Friday, March 23, 2007

The Importance of Girlfriends

I attended a self-esteem workshop for women last night, not as a participant, but as an observer because I had numerous clients attending and I wanted to see what it was all about. I was amazed.

First of all, I was pleased to see that it was not a feminist-driven workshop. It really did focus on your own "shit" and that it was up to you to turn it around. Secondly, it was so empowering giving the participants the tools necessary to start changing how they view themselves. It's not up to anyone else; you have to work at it and figure out what works for you.

One of the primary focuses was about how women loose their voices because of family and societal expectations placed on us... we can't be loud because we are supposed to speak softly; if we are aggressive we are bitches; if we are athletic we must be dikes; we are supposed to want to be mothers and wives and if we don’t, well, we just don’t fit in now do we?

If we don't fit into these expectations and choose to live outside the female box, we are often times ostracized and have difficulty finding our niche. One of the biggest challenges we face as women is staying true to ourselves especially when we are in a relationship. That is where even the strongest of women tend to give up pieces of who they are because that's what we are supposed to do.

Think back to elementary school...it was fairly egalitarian. Now think about junior high...this is where we started to shift our focus away from our girlfriends onto the boys. It became a competitive world out there with our sisters. We wanted the boys! And that girl wearing those tight jeans was no longer our friend but our competition. Slut!

See how easy it is to start being petty rather than sisterly? Thank goodness that I am in a time in my life where I truly value the friendship and support of my sisters. I don't feel the need to compete anymore, so now I can focus on how important those relationships with women really are to me.

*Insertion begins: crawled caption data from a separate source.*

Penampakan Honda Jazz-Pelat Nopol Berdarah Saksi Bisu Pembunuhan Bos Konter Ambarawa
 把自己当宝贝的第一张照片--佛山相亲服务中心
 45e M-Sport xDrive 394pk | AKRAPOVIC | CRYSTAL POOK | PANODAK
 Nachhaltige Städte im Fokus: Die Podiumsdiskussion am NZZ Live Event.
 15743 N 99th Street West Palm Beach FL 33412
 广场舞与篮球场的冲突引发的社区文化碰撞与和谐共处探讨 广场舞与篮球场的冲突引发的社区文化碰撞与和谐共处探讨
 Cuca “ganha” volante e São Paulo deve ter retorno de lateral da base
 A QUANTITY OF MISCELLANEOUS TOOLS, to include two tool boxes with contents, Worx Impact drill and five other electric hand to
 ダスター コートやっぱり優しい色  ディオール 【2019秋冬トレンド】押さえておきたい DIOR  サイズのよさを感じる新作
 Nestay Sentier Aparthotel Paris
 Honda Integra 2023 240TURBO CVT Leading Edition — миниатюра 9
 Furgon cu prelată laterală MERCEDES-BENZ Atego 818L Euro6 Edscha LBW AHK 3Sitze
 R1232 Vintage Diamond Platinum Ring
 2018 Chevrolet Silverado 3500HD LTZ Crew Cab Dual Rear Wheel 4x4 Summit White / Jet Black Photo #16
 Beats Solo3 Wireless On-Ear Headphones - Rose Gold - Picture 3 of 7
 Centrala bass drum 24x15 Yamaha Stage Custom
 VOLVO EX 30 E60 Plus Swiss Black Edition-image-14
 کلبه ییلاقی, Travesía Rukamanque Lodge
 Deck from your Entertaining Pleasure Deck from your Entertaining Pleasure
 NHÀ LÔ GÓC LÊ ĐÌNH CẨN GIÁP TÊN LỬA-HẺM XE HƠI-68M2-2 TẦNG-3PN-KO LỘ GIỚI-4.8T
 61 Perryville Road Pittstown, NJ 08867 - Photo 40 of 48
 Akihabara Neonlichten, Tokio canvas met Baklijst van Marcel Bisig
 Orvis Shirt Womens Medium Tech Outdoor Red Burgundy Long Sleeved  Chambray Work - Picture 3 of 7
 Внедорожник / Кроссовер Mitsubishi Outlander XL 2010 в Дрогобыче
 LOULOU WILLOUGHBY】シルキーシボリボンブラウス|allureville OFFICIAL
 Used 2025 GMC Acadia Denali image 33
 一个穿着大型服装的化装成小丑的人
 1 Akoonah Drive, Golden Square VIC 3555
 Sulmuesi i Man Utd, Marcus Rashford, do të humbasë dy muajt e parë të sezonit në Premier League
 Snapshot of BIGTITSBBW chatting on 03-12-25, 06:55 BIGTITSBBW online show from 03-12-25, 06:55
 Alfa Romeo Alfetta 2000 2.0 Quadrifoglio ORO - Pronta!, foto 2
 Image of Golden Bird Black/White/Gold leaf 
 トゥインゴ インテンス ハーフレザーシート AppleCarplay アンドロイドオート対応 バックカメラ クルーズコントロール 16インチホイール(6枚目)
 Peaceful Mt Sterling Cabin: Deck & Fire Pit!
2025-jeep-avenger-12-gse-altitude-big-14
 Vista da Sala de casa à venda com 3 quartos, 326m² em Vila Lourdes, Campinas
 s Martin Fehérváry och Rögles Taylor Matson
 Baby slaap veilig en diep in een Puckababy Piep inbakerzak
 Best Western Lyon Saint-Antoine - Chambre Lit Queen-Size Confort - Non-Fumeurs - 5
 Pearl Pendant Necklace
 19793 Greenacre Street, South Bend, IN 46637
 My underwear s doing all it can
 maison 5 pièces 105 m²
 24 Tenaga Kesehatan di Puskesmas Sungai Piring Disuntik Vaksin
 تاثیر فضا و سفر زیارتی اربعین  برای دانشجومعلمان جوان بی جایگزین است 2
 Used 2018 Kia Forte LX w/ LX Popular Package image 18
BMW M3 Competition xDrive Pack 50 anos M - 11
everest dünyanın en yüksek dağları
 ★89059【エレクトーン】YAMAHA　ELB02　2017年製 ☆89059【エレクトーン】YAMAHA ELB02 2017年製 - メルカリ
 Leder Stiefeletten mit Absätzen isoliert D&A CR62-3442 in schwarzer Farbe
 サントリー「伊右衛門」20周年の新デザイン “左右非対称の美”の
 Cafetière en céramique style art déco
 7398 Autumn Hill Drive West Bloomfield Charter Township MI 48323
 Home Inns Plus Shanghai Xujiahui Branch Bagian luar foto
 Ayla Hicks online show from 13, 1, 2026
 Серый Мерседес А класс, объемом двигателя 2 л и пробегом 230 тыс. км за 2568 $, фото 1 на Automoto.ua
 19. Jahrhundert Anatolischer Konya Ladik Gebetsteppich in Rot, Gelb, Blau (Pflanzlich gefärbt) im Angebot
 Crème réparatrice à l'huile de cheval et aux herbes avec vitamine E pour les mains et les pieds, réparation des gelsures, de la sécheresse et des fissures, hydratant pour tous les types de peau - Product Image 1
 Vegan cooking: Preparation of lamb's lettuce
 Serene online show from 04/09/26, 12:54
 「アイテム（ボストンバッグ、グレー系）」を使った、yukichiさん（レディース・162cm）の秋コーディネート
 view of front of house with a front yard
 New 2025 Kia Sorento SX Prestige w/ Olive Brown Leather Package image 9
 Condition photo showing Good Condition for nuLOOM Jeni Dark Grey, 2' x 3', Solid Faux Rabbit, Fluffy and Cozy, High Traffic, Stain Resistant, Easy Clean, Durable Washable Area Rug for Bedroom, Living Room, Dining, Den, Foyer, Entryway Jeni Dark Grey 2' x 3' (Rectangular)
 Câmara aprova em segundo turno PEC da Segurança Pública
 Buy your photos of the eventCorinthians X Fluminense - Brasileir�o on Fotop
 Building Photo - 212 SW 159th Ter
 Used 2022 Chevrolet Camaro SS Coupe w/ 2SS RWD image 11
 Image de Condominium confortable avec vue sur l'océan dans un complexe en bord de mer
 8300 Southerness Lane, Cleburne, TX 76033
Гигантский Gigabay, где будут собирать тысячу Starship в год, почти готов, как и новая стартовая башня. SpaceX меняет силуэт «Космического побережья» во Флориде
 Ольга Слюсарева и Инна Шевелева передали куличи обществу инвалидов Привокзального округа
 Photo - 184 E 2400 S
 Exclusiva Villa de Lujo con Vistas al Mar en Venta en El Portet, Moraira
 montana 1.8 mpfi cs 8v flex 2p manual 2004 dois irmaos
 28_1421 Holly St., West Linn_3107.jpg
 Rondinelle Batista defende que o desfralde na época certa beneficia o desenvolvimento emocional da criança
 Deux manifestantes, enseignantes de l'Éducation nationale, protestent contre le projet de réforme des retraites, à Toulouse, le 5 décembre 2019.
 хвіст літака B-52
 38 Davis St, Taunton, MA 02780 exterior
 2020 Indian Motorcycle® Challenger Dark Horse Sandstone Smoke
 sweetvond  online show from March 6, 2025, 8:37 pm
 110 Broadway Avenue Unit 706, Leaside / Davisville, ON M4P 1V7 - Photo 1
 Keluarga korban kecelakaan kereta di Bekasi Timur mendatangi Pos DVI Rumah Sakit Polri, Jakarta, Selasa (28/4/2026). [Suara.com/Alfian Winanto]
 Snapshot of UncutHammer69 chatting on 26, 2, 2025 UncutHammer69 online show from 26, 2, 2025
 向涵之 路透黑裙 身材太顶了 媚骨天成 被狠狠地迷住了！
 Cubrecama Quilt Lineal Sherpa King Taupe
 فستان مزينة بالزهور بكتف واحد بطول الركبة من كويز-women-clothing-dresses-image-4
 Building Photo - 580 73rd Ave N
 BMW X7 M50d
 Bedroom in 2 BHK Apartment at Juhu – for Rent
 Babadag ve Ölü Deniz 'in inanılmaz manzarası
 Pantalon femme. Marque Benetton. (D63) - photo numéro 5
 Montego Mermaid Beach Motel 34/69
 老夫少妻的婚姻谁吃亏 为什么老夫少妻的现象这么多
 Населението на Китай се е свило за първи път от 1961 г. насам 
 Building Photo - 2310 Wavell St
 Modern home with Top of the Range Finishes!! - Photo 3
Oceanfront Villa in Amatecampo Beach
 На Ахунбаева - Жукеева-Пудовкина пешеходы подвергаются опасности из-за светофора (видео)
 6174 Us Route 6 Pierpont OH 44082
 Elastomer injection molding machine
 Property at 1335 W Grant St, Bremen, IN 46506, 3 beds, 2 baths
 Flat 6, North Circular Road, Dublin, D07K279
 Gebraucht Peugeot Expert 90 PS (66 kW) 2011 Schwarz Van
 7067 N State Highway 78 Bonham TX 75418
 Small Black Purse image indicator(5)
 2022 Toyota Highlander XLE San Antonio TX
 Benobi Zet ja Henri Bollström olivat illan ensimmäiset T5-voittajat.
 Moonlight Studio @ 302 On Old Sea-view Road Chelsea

Did you know that having a good support system in place is one of the top factors contributing to mental well-being? Let go of the competitions and return to a place that’s warm, kind and supportive. Take time to join a women’s group, whether it’s a soft-ball team, a knitting group or a book club. Go out there and find out what you can get from being connected to other women.

Don’t go ditching your men though! They play just as important of a role in our lives. This is just a gentle reminder to stay connected to your girl posse!